Kazimierz Tomczak (1883–1967) was a 20th-century Polish bishop theologian and teacher, interned by the Nazi forces during World War II.

He was born on 17 February 1883 in Besiekierz and studied at the Jesuit School in Chyrów, where he graduated from high school. He studied also at the Saint Petersburg Roman Catholic Theological Academy, in Paris, and in Freiburg, and was ordained a priest on 7 January 1907.

For 16 years he worked as a professor at the , where he taught moral theology, the history of philosophy, archaeology, Christian liturgy and literature. In 1936, he was one of the founders of the Society of Friends of Science in Łódź.

On 25 February 1927, Pope Pius XII appointed him the first auxiliary bishop of the diocese of Łódź and titular bishop of Sicca Veneria. He was ordained bishop on 3 April 1927 in Warsaw Cathedral by cardinal Aleksander Kakowski.

On 6 September 1939, after the Invasion of Poland, he headed the Citizens' Committee of Łódź with the task of keeping law and order after the Polish authorities fled the city and representing city residents to the German occupation authorities. He was arrested on 9 November 1939 during a large operation by Łódź Gestapo against the local intelligentsia, part of the so-called Intelligenzaktion. He was sent for several days to a transit camp factory and then released but placed under house arrest in the building of the Łódź Episcopal Curia.

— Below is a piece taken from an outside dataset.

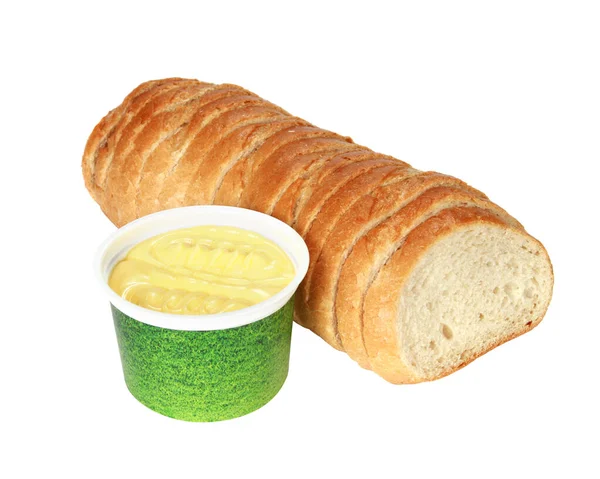 Een Close Van Een Wit Brood Een Kop Boter Een — Stockfoto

On 6 May 1941, together with Włodzimierz Jasiński, members of the Cathedral Chapter and the employees of the episcopal curia, he was interned by the Nazis. He was detained in the monastery of the Franciscan Friars Minor in Biecz. In 1943, he moved to Warsaw where he stayed until January 1945. After the war, he returned to Łódź.

On 20 October 1957, during a sermon in Piotrków Trybunalski at the dedication of an altar, he suffered a brain hemorrhage, which resulted in paralysis. He died on 21 October 1967. He was buried in the Old Cemetery in Łódź.